DAN BRIGHT: They couldn't get out. We couldn't help all of them.
AMY GOODMAN: Could you hear them?
DAN BRIGHT: Yeah, they were crying to get them out. We couldn't help everybody. The water was constantly rising.
AMY GOODMAN: The water was constantly rising. So, when you got out, what did you do?
DAN BRIGHT: When we got out, they had maybe like ten deputies outside the building with boats.
AMY GOODMAN: They had deputies outside the building but none of the deputies inside the building to help you?
DAN BRIGHT: None. It was like, if you get out, you get out. If not, too bad.
A man named Neal Walker, who is familiar with the prison system in New Orleans and interviewed close to 50 prisoners after their eventual transfer, was also interviewed.
NEAL WALKER: Orleans Parish Prison, for your listeners, is really not a prison. It's a jail. It's a temporary detention facility. Other parts of the country you refer to county jails. We call them parish prisons in Louisiana....
Now, some of these prisoners were in fact serving misdemeanor sentences, and others were picked up for parole violations, but the vast, vast majority of the prisoners being held at Orleans Parish Prison were pretrial detainees. They had only been charged. They had not been tried and convicted.
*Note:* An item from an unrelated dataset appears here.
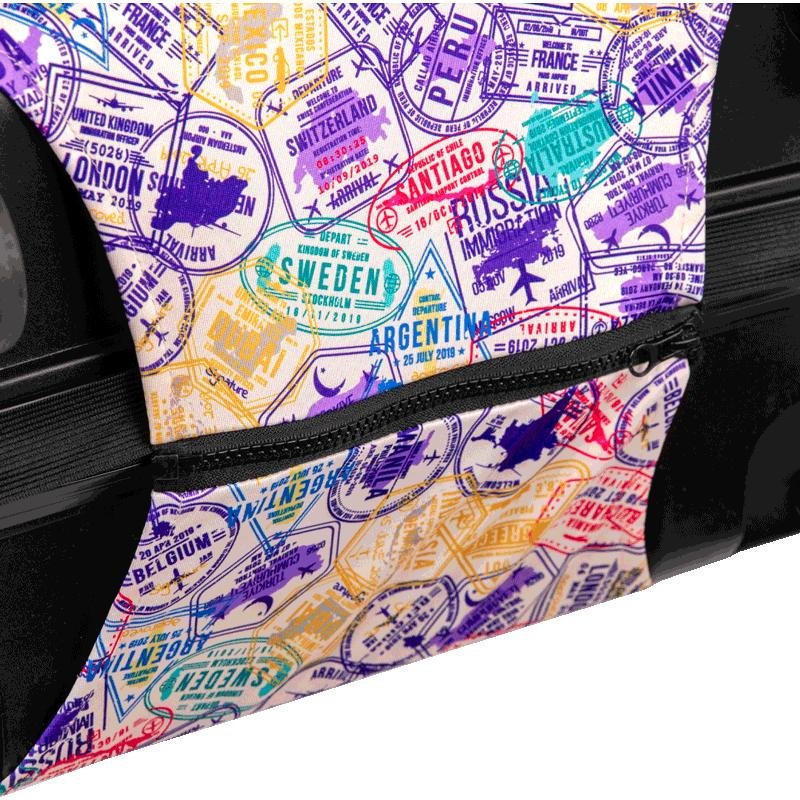 Capa Protetora de Mala Média - Stamps Multicores 6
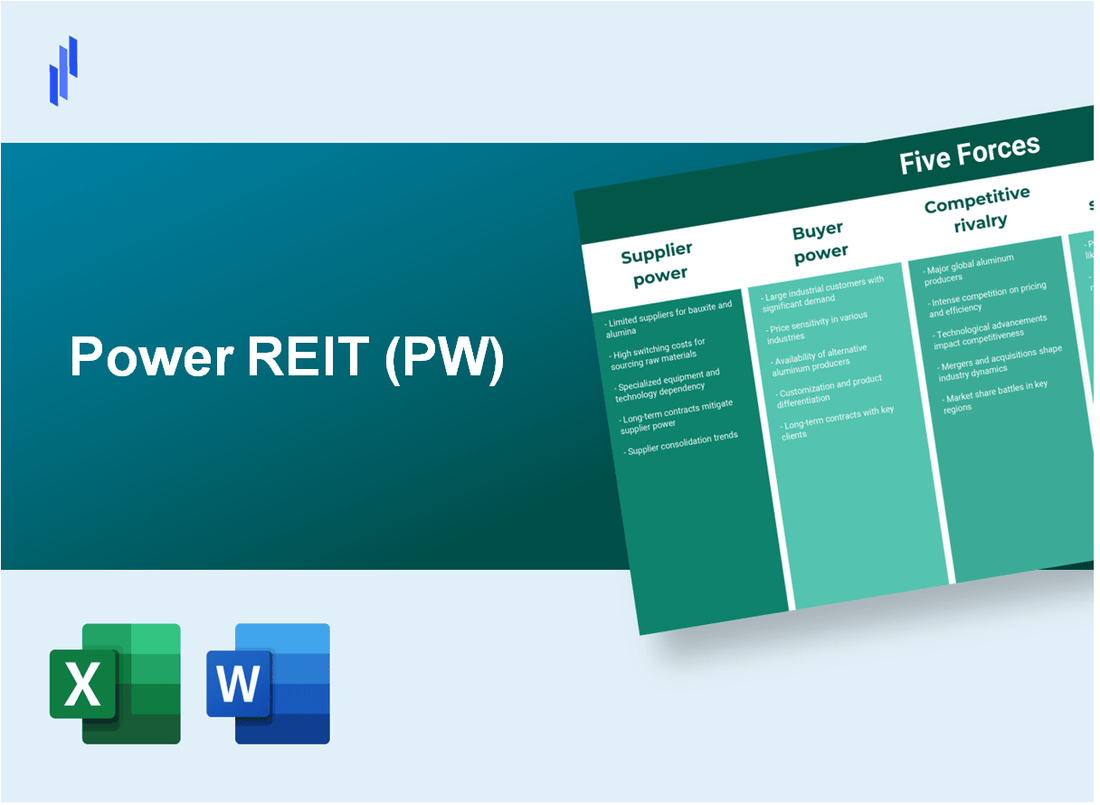 What are the Porter’s Five Forces of Power REIT (PW)?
Now, the complex itself includes... [the] central lockup, which is a one-story facility where prisoners are processed after their arrest. And I heard accounts of that building being completely underwater. The prisoners were looking at it from the windows at Templeman III and could see that central lockup was completely underwater.
AMY GOODMAN: Completely underwater?
NEAL WALKER: Right.
I'm thinking maybe this explains the resignation of the New Orleans police chief.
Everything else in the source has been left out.